Thursday sees the release of the HSBC manufacturing PMI figure, where markets will focus upon the ability of the Chinese manufacturing sector to convincingly push out of the slowdown that has been evident in H1 2014. Recent months have been stronger than many expected, yet the pullback towards the 50 mark (which separates expansion from contraction) is certainly worrying for China. Thus this month will be crucial. Should we see this number fall back below 50, it could mean further downside for Chinese manufacturing to come and thus a potential next round of stimulus from the PBOC. Otherwise, a strong reading would accompany solid export numbers seen recently and bring alot more confidence in the recovery.
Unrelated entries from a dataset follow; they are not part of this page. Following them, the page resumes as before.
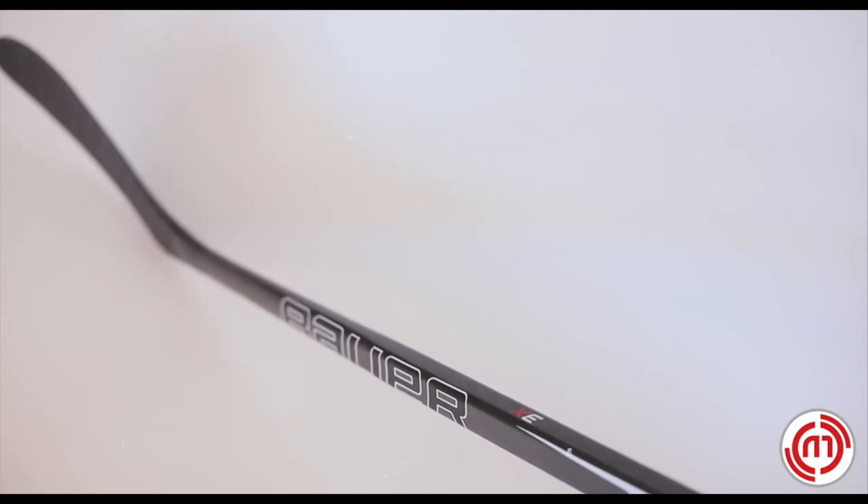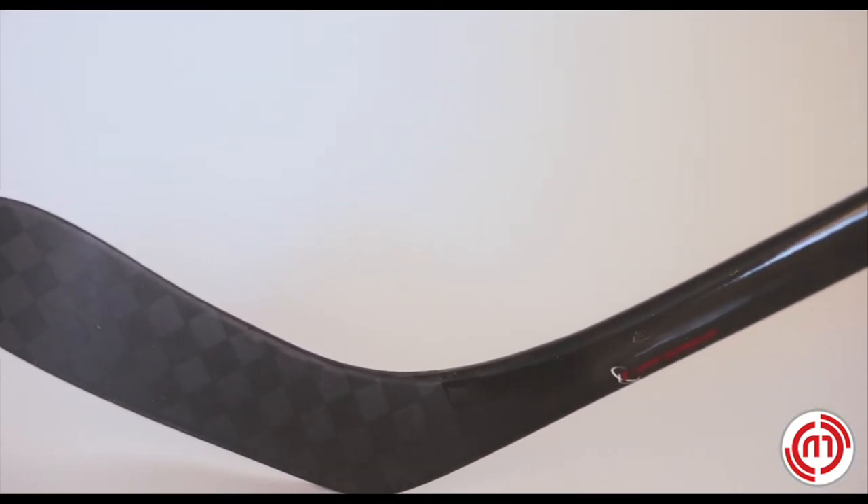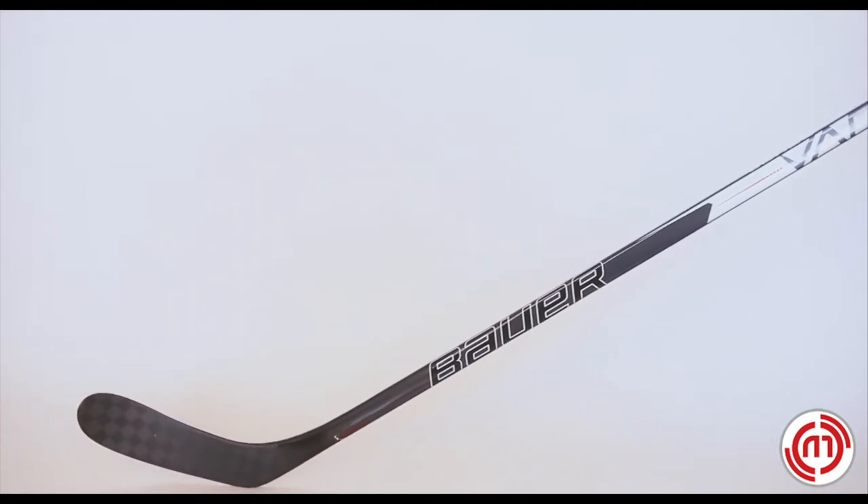The 15K blade construction and max balance blade provides reinforced blade edges to reduce weight and improve balance without sacrificing durability. The Senior Vapor 3X grip stick is for the performance-level hockey player.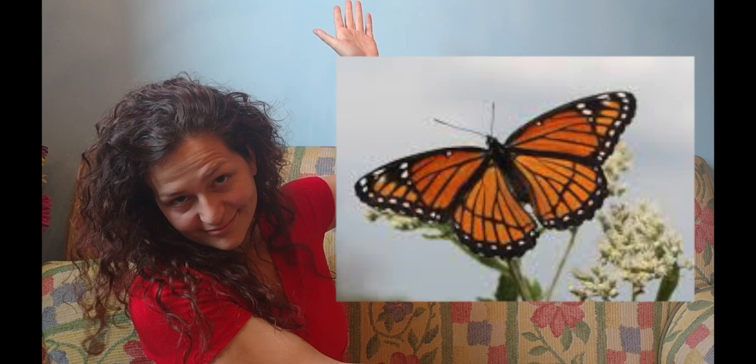Next one. Yep, that's a viceroy. Well done. And if you didn't get it, it's okay — we'll have a few more chances. Here's another one. It's a monarch. Good job.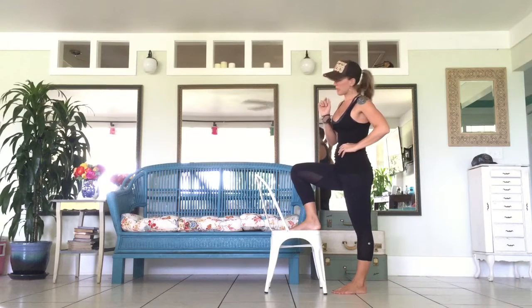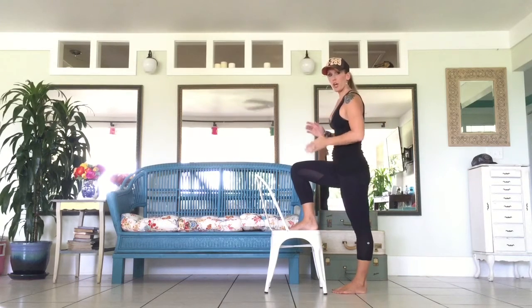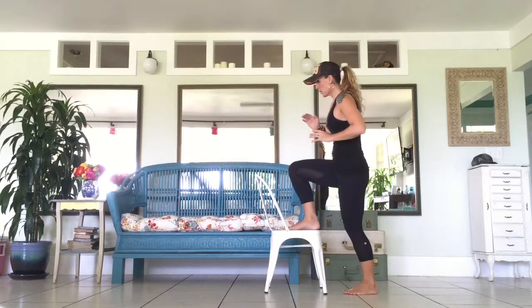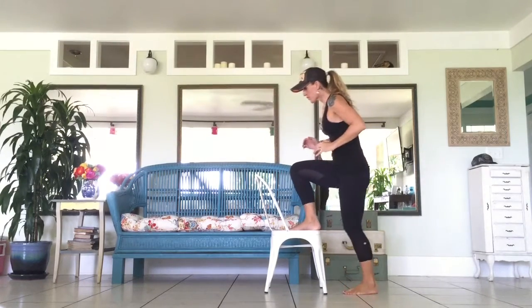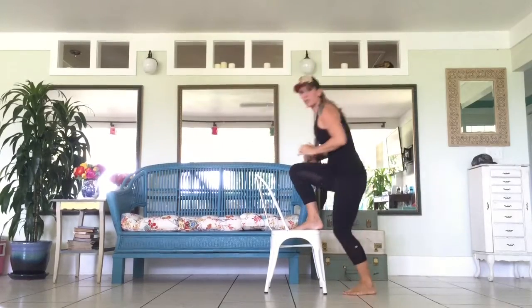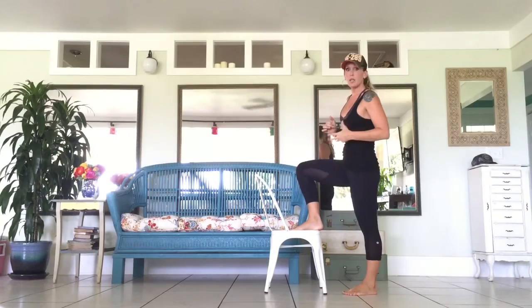A step up hop is simply this. You can do it on a chair, you can do it on a box jump. You come up, hop. Come up, hop. And the faster you go is the faster that you get the feeling of the burn in the legs.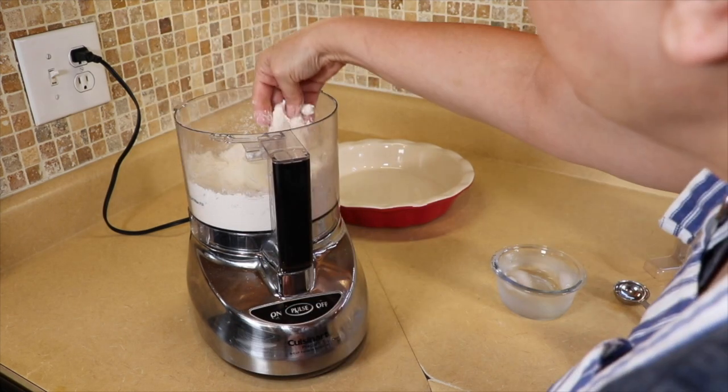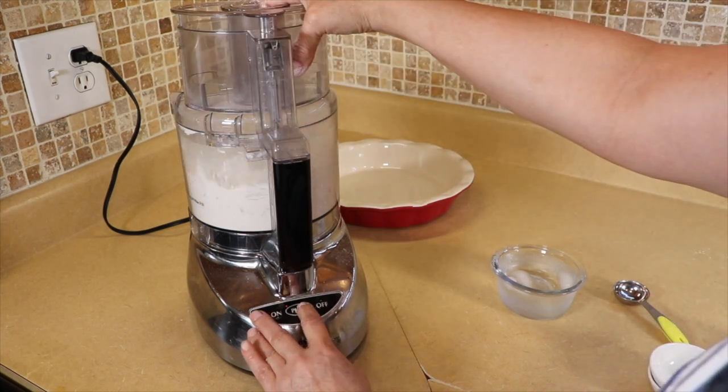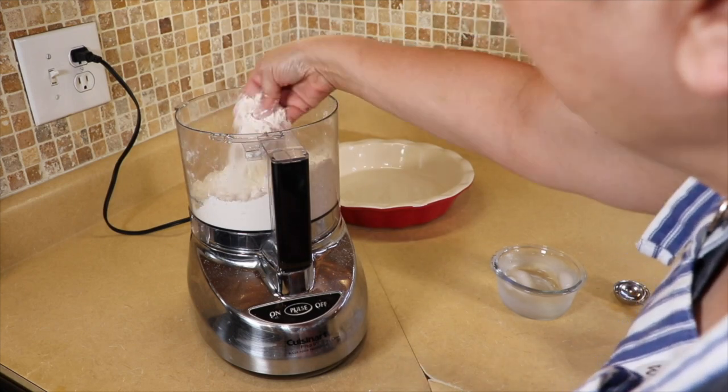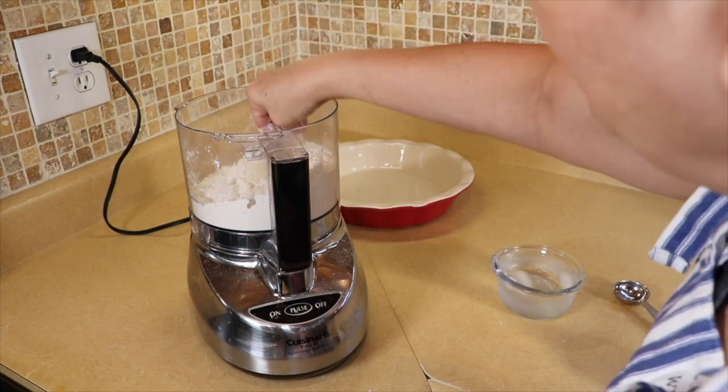Give it a check — it's still a little bit large so we're going to pulse it some more. Okay, now it's come together nicely. As you can see it's the size of small peas.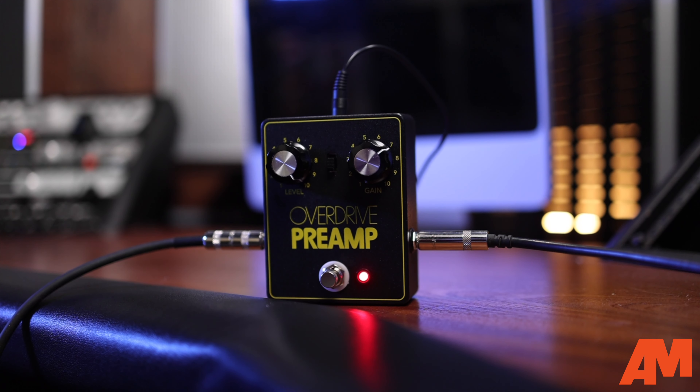You have a sort of low gain, always-on boost. You have your solo boost sort of sound. And then you have a transparent overdrive if you really dime it up all the way. And so that's why we're really excited to introduce the JHS Overdrive preamp.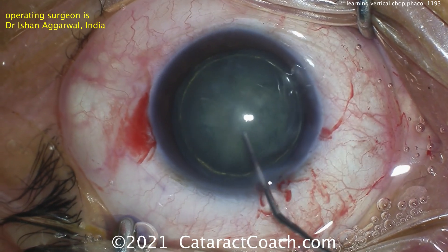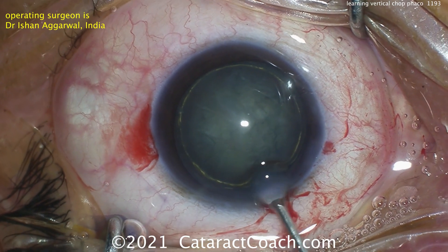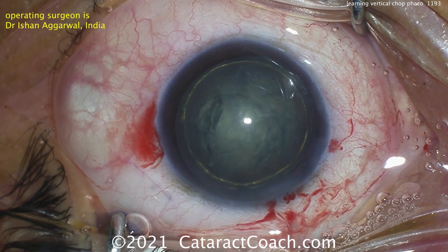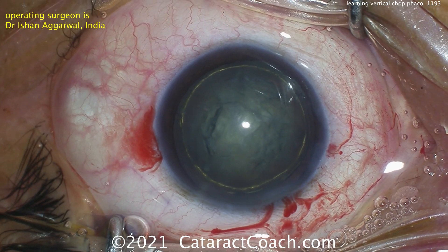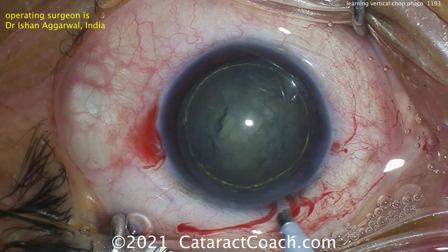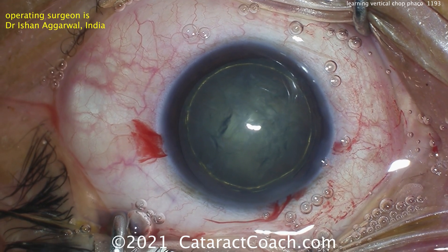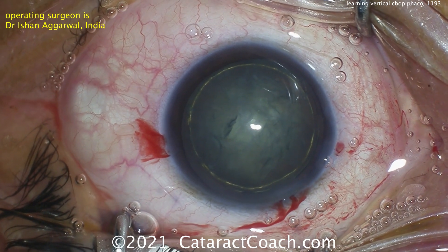The key here is placement of the instruments. You need to have a high vacuum setting — 400 or more millimeters of mercury. Higher flow is what I prefer, though the flow is not as critical. The key is to hold the nucleus with the phaco probe, and when you hear that peak of the vacuum — that's the holding power — then you chop. Both the chopper and the probe are going to be placed within the confines of the rhexis.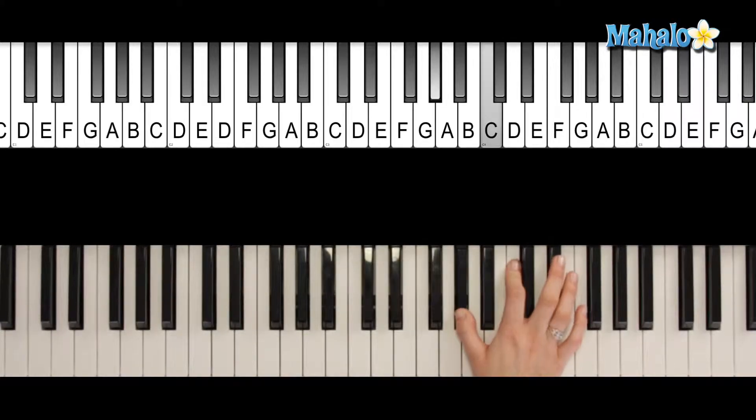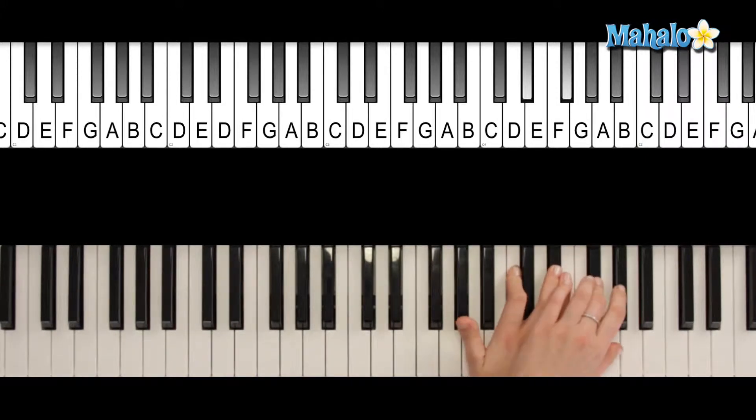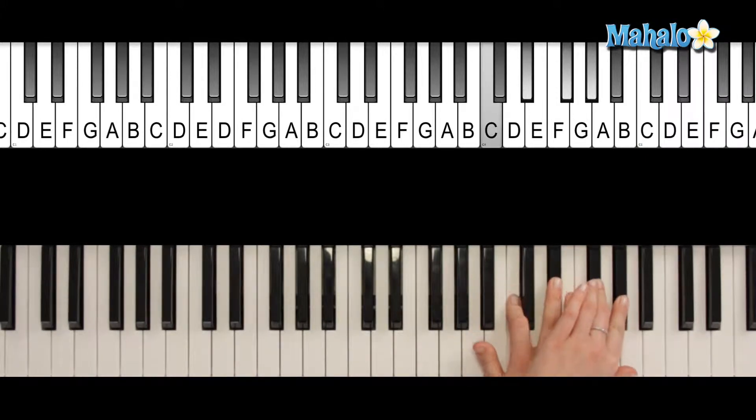Okay, so to do A flat 7 in first inversion, you first got A flat 7. And then you're going to take this note and play it up here, so that the order is now switched around. You've got C, E flat, G flat, and A flat. There you go — A flat 7, first inversion.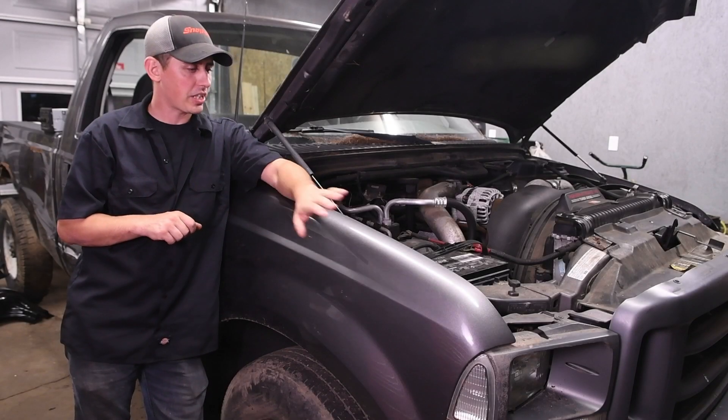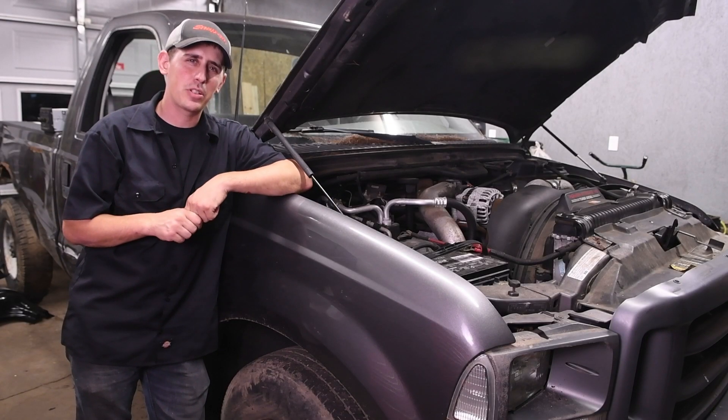Hey guys, today in the shop we've got our new project six liter in, and today we're going to be talking about no starts. Stay tuned.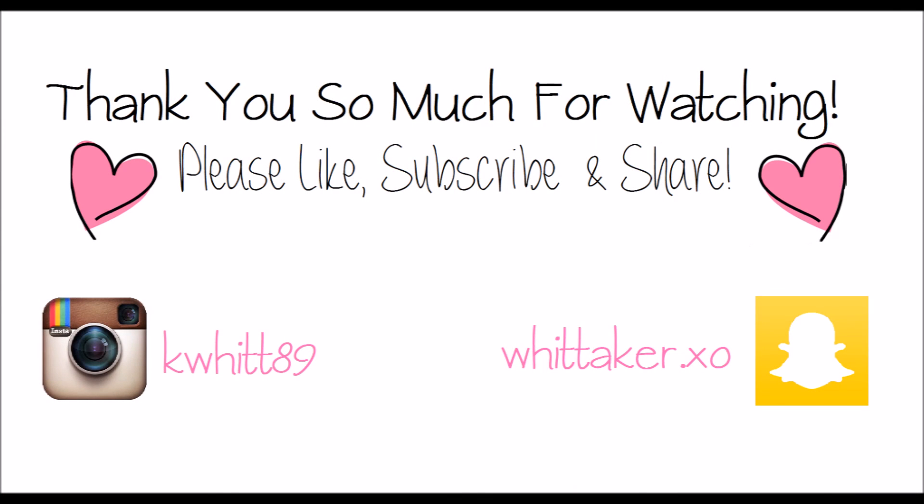For lipstick I'm using the Lorac Pro Matte lipstick in Peach. I love these lipsticks — they are so matte but so pigmented and they last a really long time. Once you've completed the lips, this look is done! Thank you so much for watching. If you enjoyed, please give it a thumbs up, subscribe to my channel, and I hope you have a safe and happy holidays!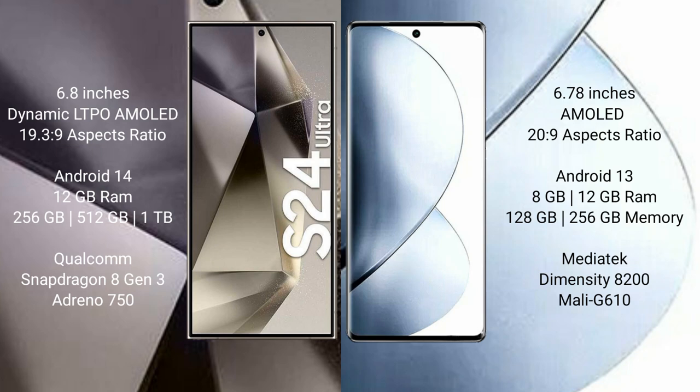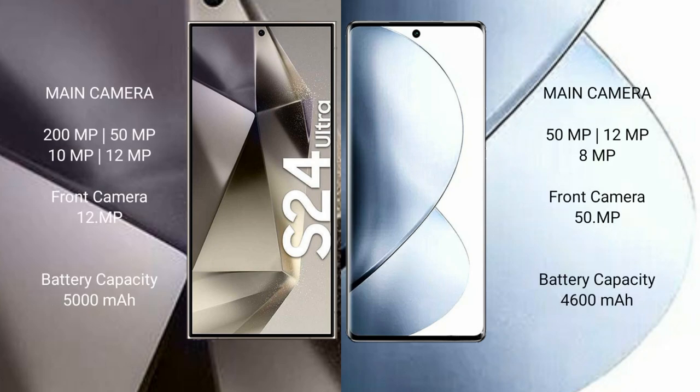The Vivo V29 Pro features a MediaTek Dimensity 8200 processor and GPU Mali-G610. The Samsung Galaxy S24 Ultra has a rear quad camera setup: 200MP plus 50MP plus 10MP plus 12MP, and a 12MP front camera. The Vivo V29 Pro has a rear triple camera setup: 50MP plus 12MP plus 8MP, and a 50MP front camera.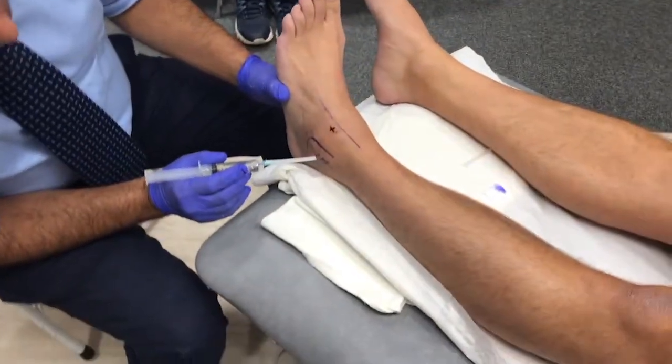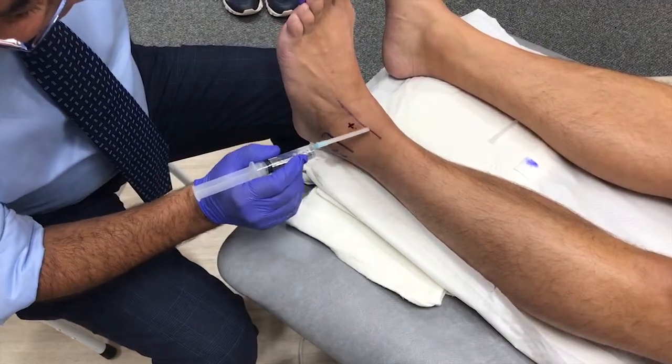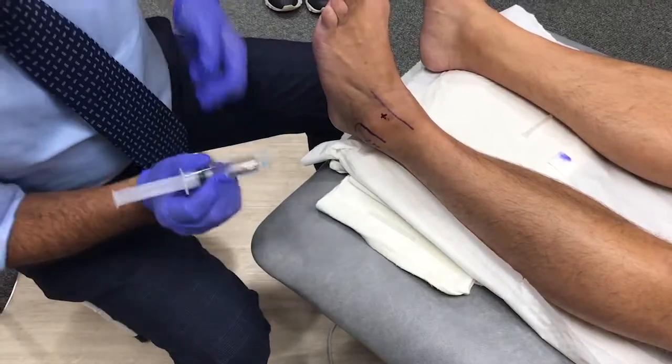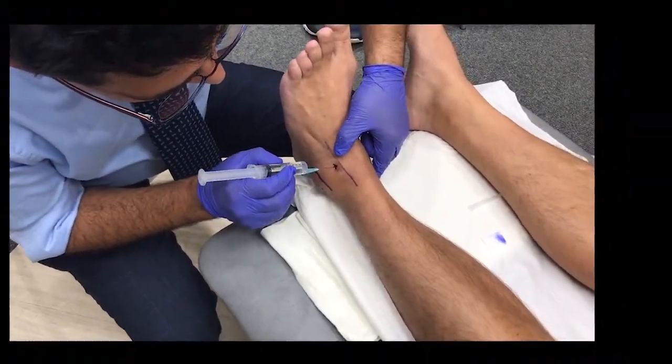Landmarks for the injection are the lateral malleolus, the extensor digitorum longus tendon, and the soft area just lateral to the extensor digitorum longus, as shown here by the cross.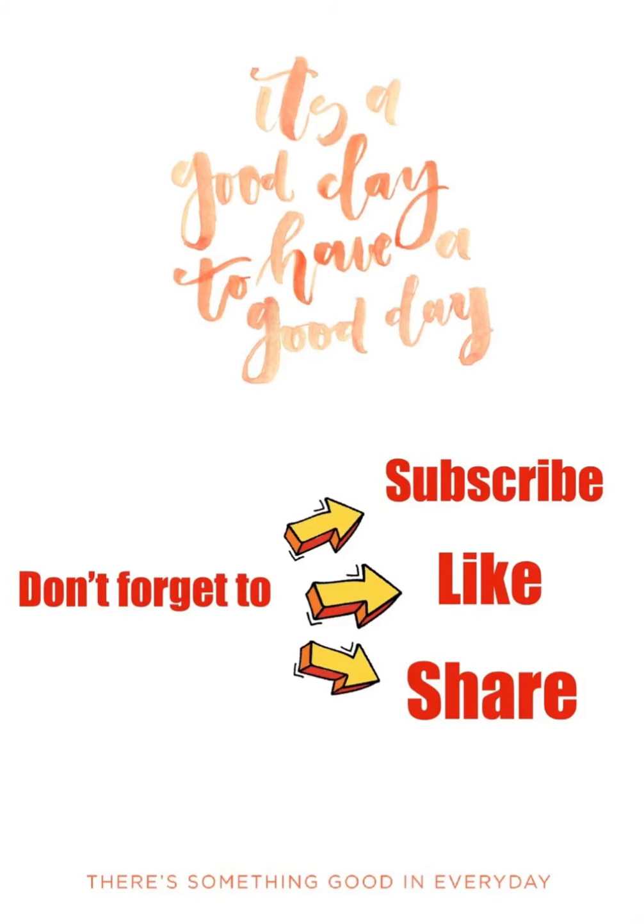In this channel Senang Je, don't forget to like, subscribe and share.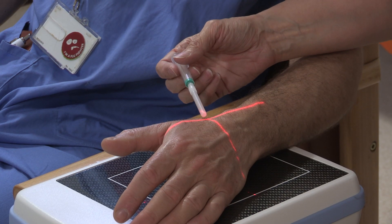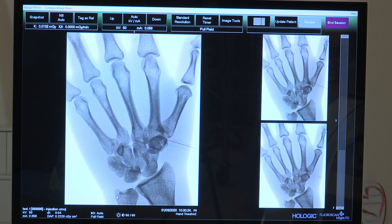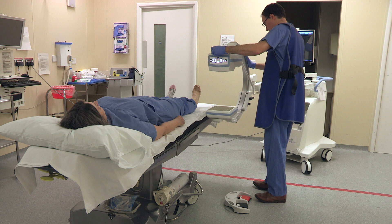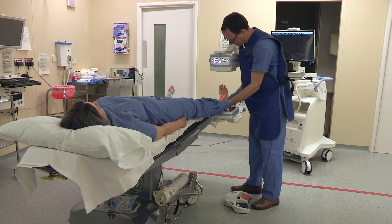Before you begin injecting, make sure that you can see the screen. For foot views, bring the machine in next to the table and position the image intensifier as shown.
The main event in Australia is likely to be the release of the monetary policy minutes, due on Tuesday. The focus of the RBA recently has been one of stability, where the economy is too weak in its recovery for any sort of rate rise and the housing sector is too buoyant to reduce rates any more. As such, minutes are always the ideal opportunity to see whether the RBA are going to be leaning more towards a dovish or hawkish outlook.